Who, if anyone, was at fault for the wreck? Watch the video, then tell us what you think.
When that calamity finally happened, on a restart on Lap 175, a green No. 18 car was right in the middle of it. And suddenly, everyone had a very convenient villain to blame.
Of course, Kyle Busch is long accustomed to playing the villain role by now. Whether it's a collision while racing to the finish in Richmond, contact on an intermediate oval like Kansas, or an accordion-style accident at a place like New Hampshire, if Busch is anywhere near it, he's guaranteed to get the blame -- whether he deserves it or not. Sunday, there were plenty of factors that went into an eight-car accident that centered around a crowded restart and a car near the front of the field spinning tires. Blaming one guy for something like that is like blaming the iceberg for what happened to the Titanic.

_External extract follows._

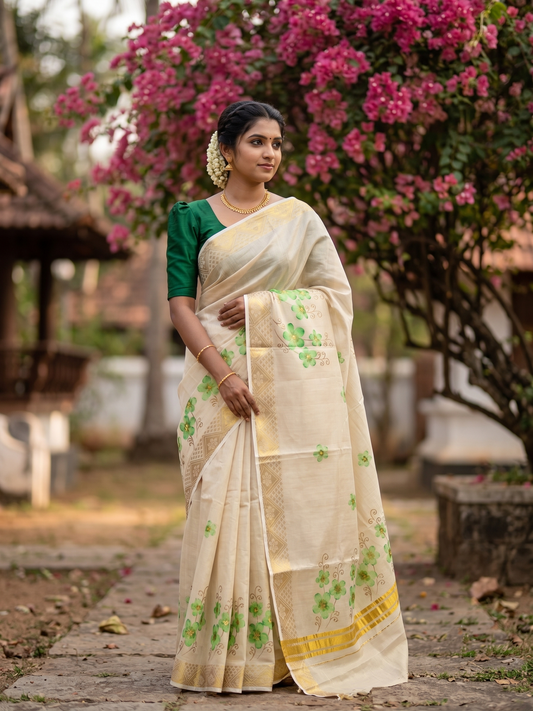 Southloom Kerala Tissue Kasavu Saree with Green Floral Embroidery Work on Body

But hey, it's Kyle Busch. It's always his fault, right?
"I was just staying in line doing what I could to get going, and obviously you can't pass before the start/finish line. And I guess Kyle just decided he didn't want to lift, so I was just an innocent victim [Sunday]," said Martin Truex Jr., who got the worst of an accident that defined the Sprint Cup event until rookie Joey Logano won in the rain. "Someone spun the tires, and our lane didn't go. Kyle just lost his head, like he usually does when something bad happens. He decided he wasn't going to lift, he was going to turn me on the straightaway for no good reason at all. We have a tore up race car."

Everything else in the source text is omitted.